In this instance, it's probably a good thing: I'm not very techie at all I'm afraid so something user-friendly would be ideal.



Johnny Canuck2 said:


> Some, otoh, aren't.
> 
> e.g. If you ask Horsie if he's blurry, he'll say: "Neigh!"



Nice colours. If I tried to take a shot like that before my old cam borked and the horse made any kind of random movement, the whole shot would have been fucked.


----------



## Refused as fuck (Aug 27, 2009)

Doesn't really sound like you want a DSLR to me either, Madusa. I could be wrong.


----------



## Madusa (Aug 27, 2009)

Refused as fuck said:


> Doesn't really sound like you want a DSLR to me either, Madusa. I could be wrong.



That's why I started this thread: TELL me what I want/need... camera wise, smart alec!


----------



## Refused as fuck (Aug 27, 2009)




----------



## Madusa (Aug 27, 2009)

God. You're such a tool 

Get off my thread you dildo!


----------



## Refused as fuck (Aug 27, 2009)

I'd suggest a good quality compact, possibly a bridge if you're interested in learning how to use manual featues. I have an LX3 and it's good for control and picture quality but the lack of zoom will frustrate you based on what you've said.


----------



## Madusa (Aug 27, 2009)

Refused as fuck said:


> I'd suggest a good quality compact, possibly a bridge if you're interested in learning how to use manual featues. I have an LX3 and it's good for control and picture quality but the lack of zoom will frustrate you based on what you've said.



A helpful post! 



I'm deffo willing to learn with whatever I get, I'm not a dunce. That's the whole point in getting a more decent camera. I'm looking forward to experimenting with the photos I take in ways my compact never really allowed me to. So you reckon I should take it to the Bridge? 

Hmm, yeah I'm not very techie but I get on well with my housemate's dSLR and have managed to take pics exactly how I envisage them in my mind iyswim. Something I've never quite been able to carry off with my compact cos of it's limitations so was looking forward to playing around with my own entry level dslr y'see?


----------



## Refused as fuck (Aug 27, 2009)

Alrighty then.
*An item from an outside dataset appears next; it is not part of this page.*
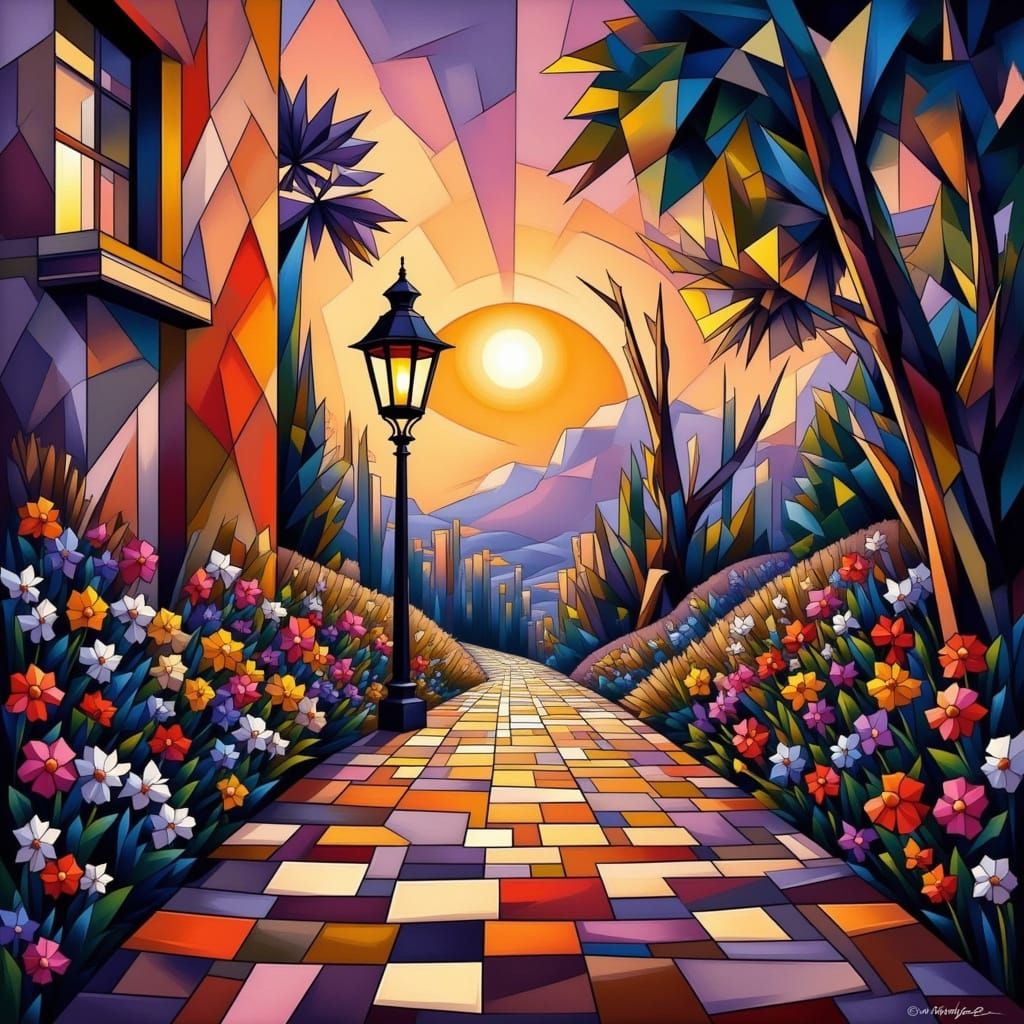 Cubist Lantern Glows on Wildflower Path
Pentax/Olympus DSLRs will be cheap, but you'll probably get on better with an entry level Canon or Nikon. I'm not sure about Nikon's, but a Canon 450D might be your thing, you might get a decent 2nd hand price on eBay from someone upgrading and getting rid of surplus lenses as well. If you can stretch your budget the G1 might be better for your tiny hands.

Or a handbag.


----------



## Madusa (Aug 27, 2009)

NOW you've got your thinking cap on and are being very helpful. Thanks for your recommendations I will check those out too. 

*ruffles Refused's mane*


----------



## Refused as fuck (Aug 27, 2009)

You're getting the handbag, aren't you?


----------



## Madusa (Aug 27, 2009)

dont spoil it, son.


----------



## Refused as fuck (Aug 27, 2009)

Ob dear, and the shoes.


----------



## weltweit (Aug 27, 2009)

Madusa said:


> In this instance, it's probably a good thing: I'm not very techie at all I'm afraid so something user-friendly would be ideal.



ime most dslrs have a program mode in which the camera makes all the decisions for you. 
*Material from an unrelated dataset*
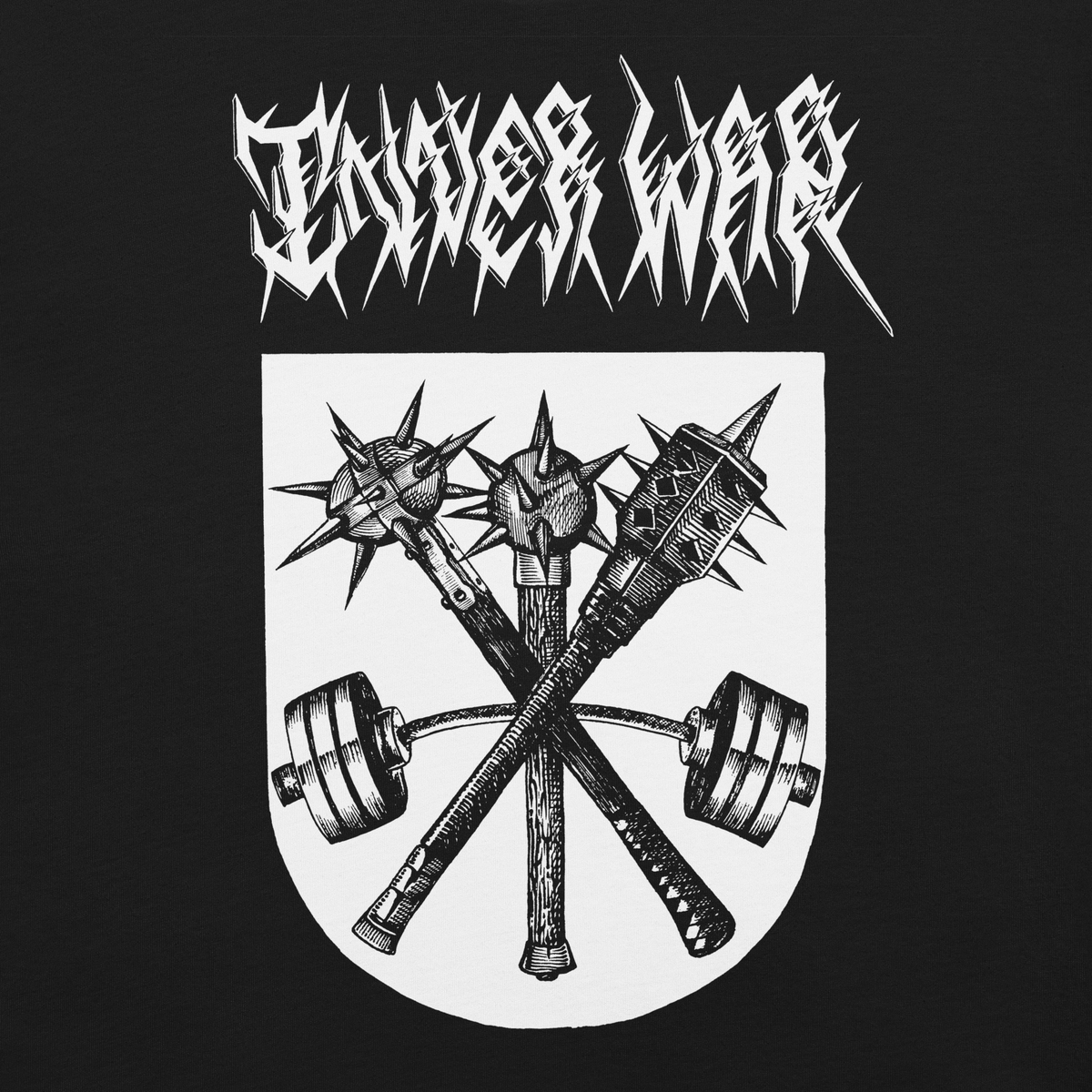 Weapons of War Black Gym Tee, print close-up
You can then experiment with the other modes as and when you see fit.


----------



## Madusa (Aug 27, 2009)

This is encouraging, thanks. 

Refused, I have no time for your sneaky edits.


----------



## weltweit (Aug 27, 2009)

If you are interested to learn more about photography, then a dslr seems like a good choice because it offers lots of possibilies with for example different lenses and it will allow you to expand your options more than a compact. 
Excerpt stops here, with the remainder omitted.